EPISÓDIOS DO FOLCLORE ÁRABE FLORIANENSE
SÃO JORGE MODERNO
Por Salomão Cury – Rad Oka
Certa vez, adentrou no empório de Salomão Mazuad, um senhor interessado em adquirir uma imagem de São Jorge. Seu Salomão perguntou-lhe se ele queria um quadro com a estampa do santo ou uma escultura em gesso ou madeira. Diante da indecisão do freguês, foi logo expondo todas as estatuetas e também molduras contendo figuras de diversos santos.
O rapaz estava maravilhado.
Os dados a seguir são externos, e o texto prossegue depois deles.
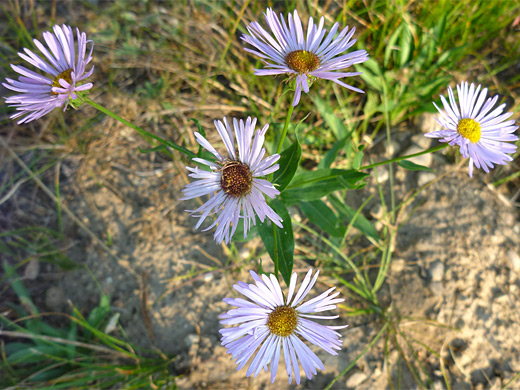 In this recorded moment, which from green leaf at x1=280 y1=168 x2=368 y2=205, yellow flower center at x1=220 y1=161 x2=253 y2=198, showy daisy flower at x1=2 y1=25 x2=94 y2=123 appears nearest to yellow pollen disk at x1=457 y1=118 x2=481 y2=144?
Result: green leaf at x1=280 y1=168 x2=368 y2=205

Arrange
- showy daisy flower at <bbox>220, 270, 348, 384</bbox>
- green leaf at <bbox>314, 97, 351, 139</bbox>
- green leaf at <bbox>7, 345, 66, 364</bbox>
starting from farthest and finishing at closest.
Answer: green leaf at <bbox>314, 97, 351, 139</bbox>, green leaf at <bbox>7, 345, 66, 364</bbox>, showy daisy flower at <bbox>220, 270, 348, 384</bbox>

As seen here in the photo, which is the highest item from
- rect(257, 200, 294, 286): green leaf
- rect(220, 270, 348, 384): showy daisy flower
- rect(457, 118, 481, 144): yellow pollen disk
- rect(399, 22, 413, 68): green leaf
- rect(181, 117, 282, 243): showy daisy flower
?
rect(399, 22, 413, 68): green leaf

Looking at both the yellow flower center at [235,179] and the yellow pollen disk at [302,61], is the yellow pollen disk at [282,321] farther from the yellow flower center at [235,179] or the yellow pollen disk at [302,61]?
the yellow pollen disk at [302,61]

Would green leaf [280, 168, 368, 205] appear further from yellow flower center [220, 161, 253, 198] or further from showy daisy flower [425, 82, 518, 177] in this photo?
showy daisy flower [425, 82, 518, 177]

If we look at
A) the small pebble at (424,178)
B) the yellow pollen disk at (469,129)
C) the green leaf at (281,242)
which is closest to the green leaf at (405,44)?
the small pebble at (424,178)

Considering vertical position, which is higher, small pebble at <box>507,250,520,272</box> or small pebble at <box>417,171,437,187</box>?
small pebble at <box>417,171,437,187</box>

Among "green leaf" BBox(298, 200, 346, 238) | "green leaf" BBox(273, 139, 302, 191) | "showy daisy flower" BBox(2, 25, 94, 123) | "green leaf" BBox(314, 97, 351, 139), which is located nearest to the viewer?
"showy daisy flower" BBox(2, 25, 94, 123)

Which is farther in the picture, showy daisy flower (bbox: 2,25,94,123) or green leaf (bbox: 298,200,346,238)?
green leaf (bbox: 298,200,346,238)

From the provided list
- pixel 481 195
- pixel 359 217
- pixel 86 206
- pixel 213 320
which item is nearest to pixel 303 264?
pixel 359 217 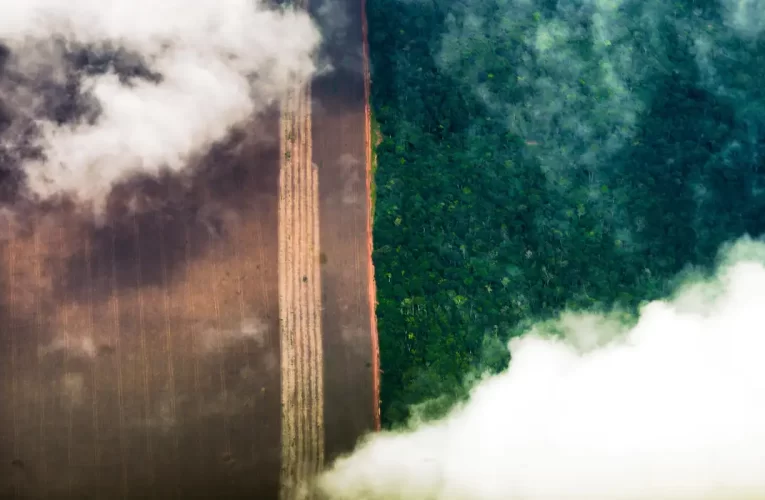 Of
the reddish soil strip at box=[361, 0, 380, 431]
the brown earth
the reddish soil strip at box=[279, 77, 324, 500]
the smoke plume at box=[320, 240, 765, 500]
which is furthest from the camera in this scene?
the reddish soil strip at box=[361, 0, 380, 431]

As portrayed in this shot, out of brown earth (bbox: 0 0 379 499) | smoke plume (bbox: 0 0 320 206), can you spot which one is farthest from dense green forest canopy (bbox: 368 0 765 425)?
smoke plume (bbox: 0 0 320 206)

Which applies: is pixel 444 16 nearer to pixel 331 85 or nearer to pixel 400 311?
pixel 331 85

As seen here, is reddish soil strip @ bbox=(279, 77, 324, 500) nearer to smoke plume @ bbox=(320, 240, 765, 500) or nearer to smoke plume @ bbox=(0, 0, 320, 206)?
smoke plume @ bbox=(320, 240, 765, 500)

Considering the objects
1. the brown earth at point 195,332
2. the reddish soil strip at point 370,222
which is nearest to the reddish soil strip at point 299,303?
the brown earth at point 195,332

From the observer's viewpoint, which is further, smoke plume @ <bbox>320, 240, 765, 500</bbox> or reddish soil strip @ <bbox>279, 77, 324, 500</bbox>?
reddish soil strip @ <bbox>279, 77, 324, 500</bbox>

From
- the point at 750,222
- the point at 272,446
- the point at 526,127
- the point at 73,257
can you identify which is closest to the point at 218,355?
the point at 272,446

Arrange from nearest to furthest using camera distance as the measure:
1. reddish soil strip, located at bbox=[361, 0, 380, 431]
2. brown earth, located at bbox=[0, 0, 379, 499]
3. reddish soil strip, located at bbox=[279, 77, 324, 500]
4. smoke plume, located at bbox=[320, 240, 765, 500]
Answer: smoke plume, located at bbox=[320, 240, 765, 500]
brown earth, located at bbox=[0, 0, 379, 499]
reddish soil strip, located at bbox=[279, 77, 324, 500]
reddish soil strip, located at bbox=[361, 0, 380, 431]

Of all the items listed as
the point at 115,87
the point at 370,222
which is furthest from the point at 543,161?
the point at 115,87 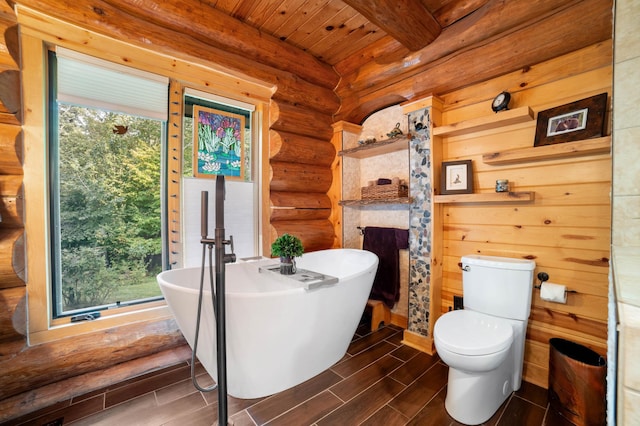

Eram santos e santas diversos e multicores; madonas em diversos tamanhos e modelos, com e sem o menino Jesus ao colo; anjos de trombetas, de harpas e até de sanfonas e Cristos em diversos momentos importantes.
Diante de tanta santidade o freguês não se conteve e exclamou:
- Mas “ seu Salamão “, o senhor tem tanto santo aqui que “ inté “ parece o céu! Mas eu não “ tô “ vendo meu São Jorge.
Olhando de maneira mais apurada, o sírio percebeu que havia várias imagens de santos diversos, mas nenhuma de São Jorge. Chamou dois funcionários de confiança e os mandou verificar no depósito. Estes funcionários, que se chamavam Irineu e Vieira, já estavam acostumados com as saídas estratégicas do senhor Salomão para esse tipo de “ saia justa “, mas não viam como o patrão poderia contornar a situação sem perder o freguês.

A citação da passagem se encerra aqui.